PROBLEM DESCRIPTION |
Images are not part of the copy; write out the rest of the data exactly as given.

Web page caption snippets

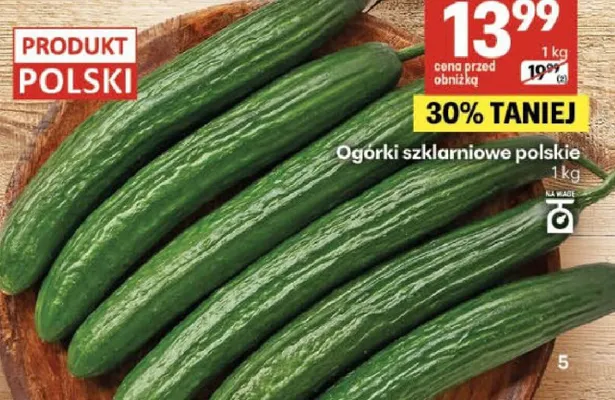 Ogórki szklarniowe polskie promocja w Delikatesy Centrum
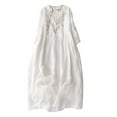 thumbnail image 2 of Spring Saving GaThRRgYP Summer Clearance Womens Dresses,Women's Standing Neck Embroidered Cotton and Dress Women's Literature Retro Flowing Long Dress, 2 of 5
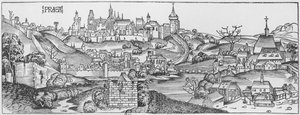 Utsikt över Prag, illustration från 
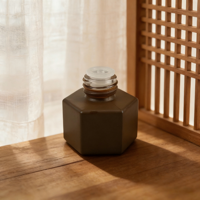 Pot à crème carré créatif avec couvercle sphérique - Emballage cosmétique en céramique marron mat, flacons de soin de la peau de luxe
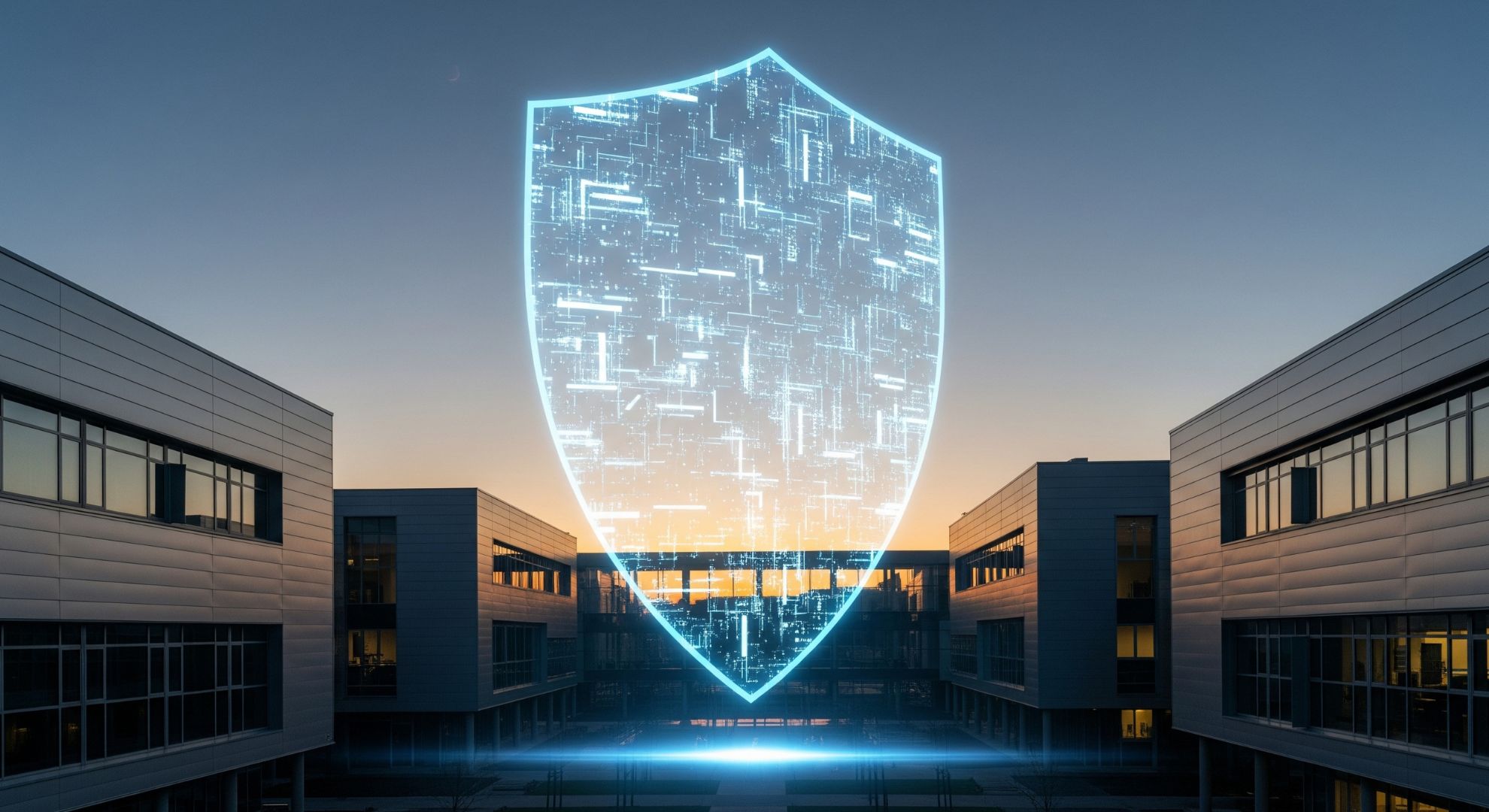 shield graphic between business buildings
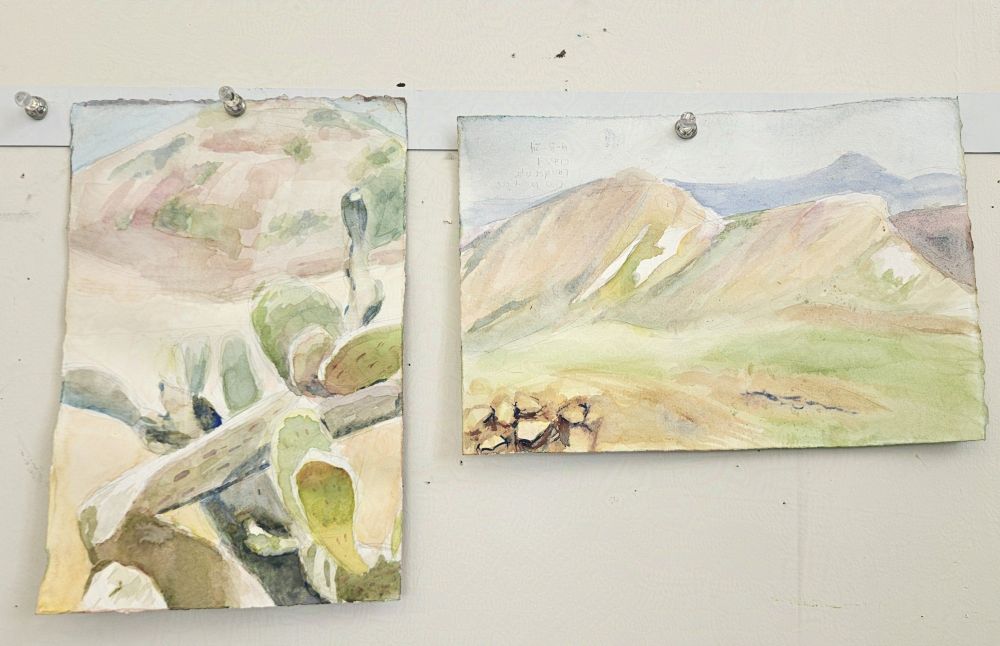 Two water color paintings are hung on a magnetic strip. On the right is a rough painting of mountains. On the left is a cactus in the bright sun with a north American pyramid in the background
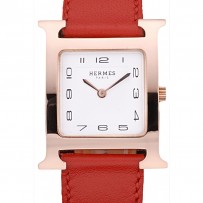 Hermes Heure H lunetta in oro rosa cinturino in pelle rossa quadrante bianco 80233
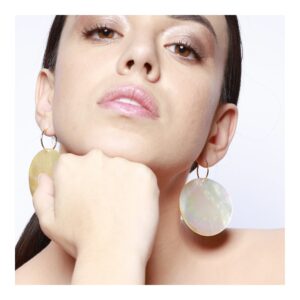 Pendientes plata rendonda Nacar multicara foto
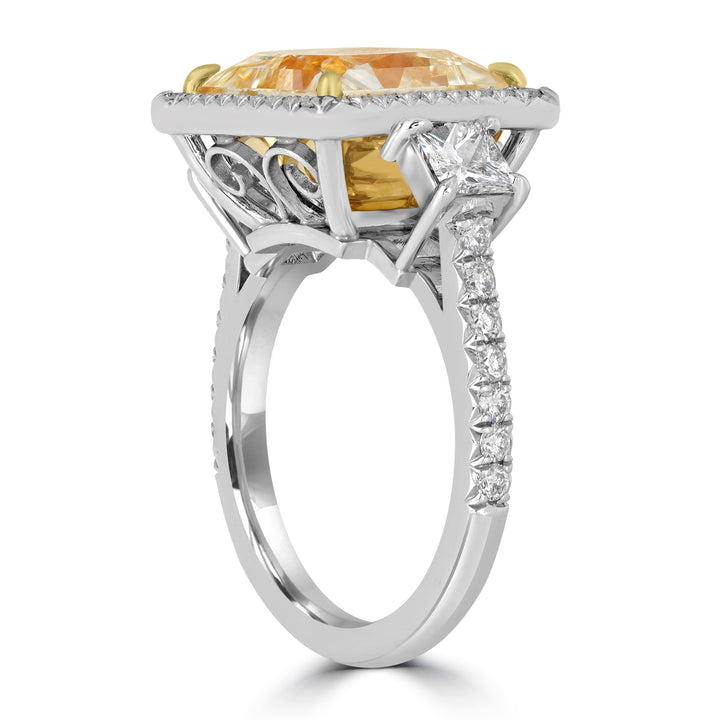 7.02 ct Solitaire Square Brilliant Cut Diamond  Ring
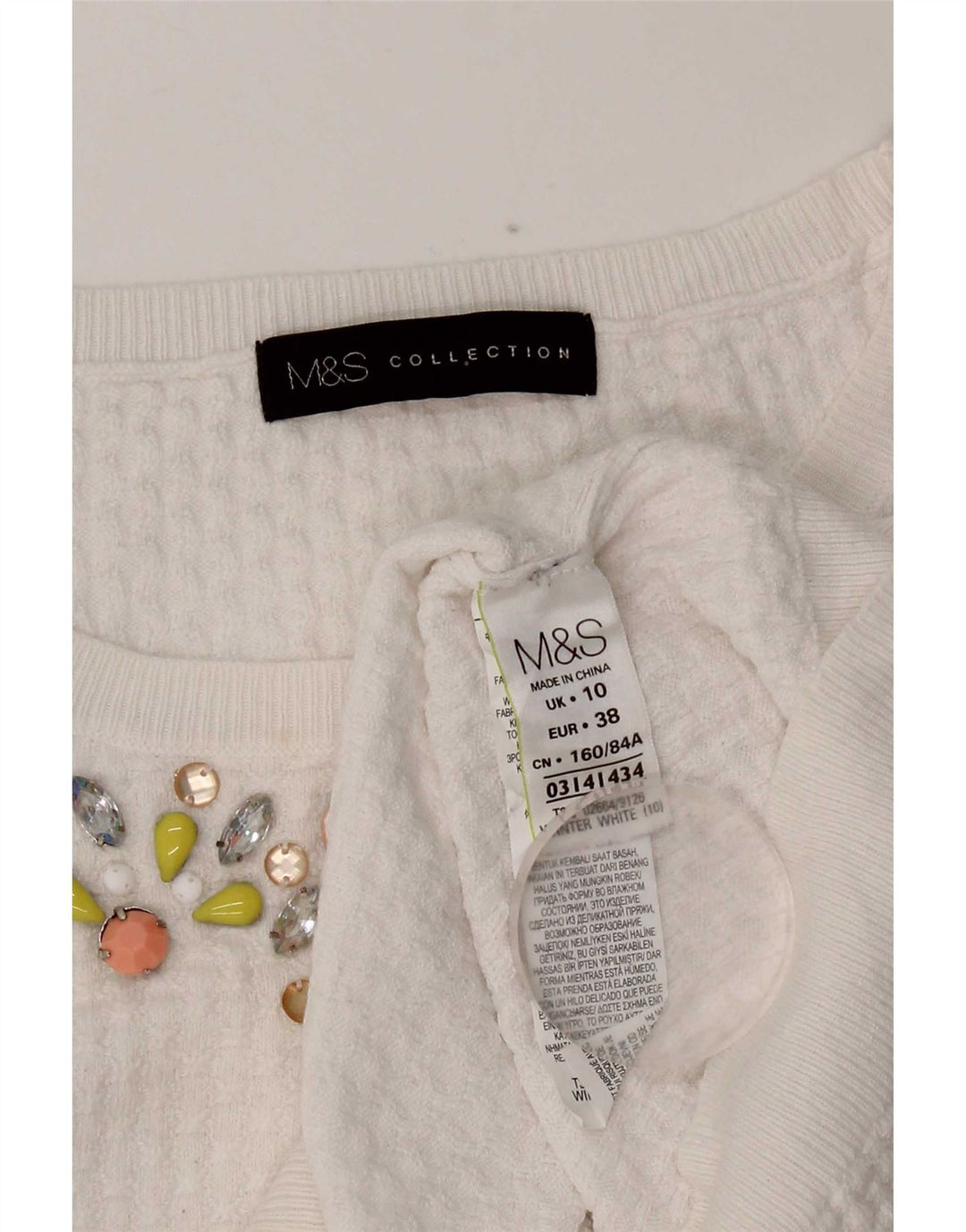 Marks & Spencer Womens Crop T-Shirt Top UK 10 Small White Cotton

OUTPUT FOR THIS EXERCISE |
 Ogórki szklarniowe polskie promocja w Delikatesy Centrum
 thumbnail image 2 of Spring Saving GaThRRgYP Summer Clearance Womens Dresses,Women's Standing Neck Embroidered Cotton and Dress Women's Literature Retro Flowing Long Dress, 2 of 5
 Utsikt över Prag, illustration från 
 Pot à crème carré créatif avec couvercle sphérique - Emballage cosmétique en céramique marron mat, flacons de soin de la peau de luxe
 shield graphic between business buildings
 Two water color paintings are hung on a magnetic strip. On the right is a rough painting of mountains. On the left is a cactus in the bright sun with a north American pyramid in the background
 Hermes Heure H lunetta in oro rosa cinturino in pelle rossa quadrante bianco 80233
 Pendientes plata rendonda Nacar multicara foto
 7.02 ct Solitaire Square Brilliant Cut Diamond  Ring
 Marks & Spencer Womens Crop T-Shirt Top UK 10 Small White Cotton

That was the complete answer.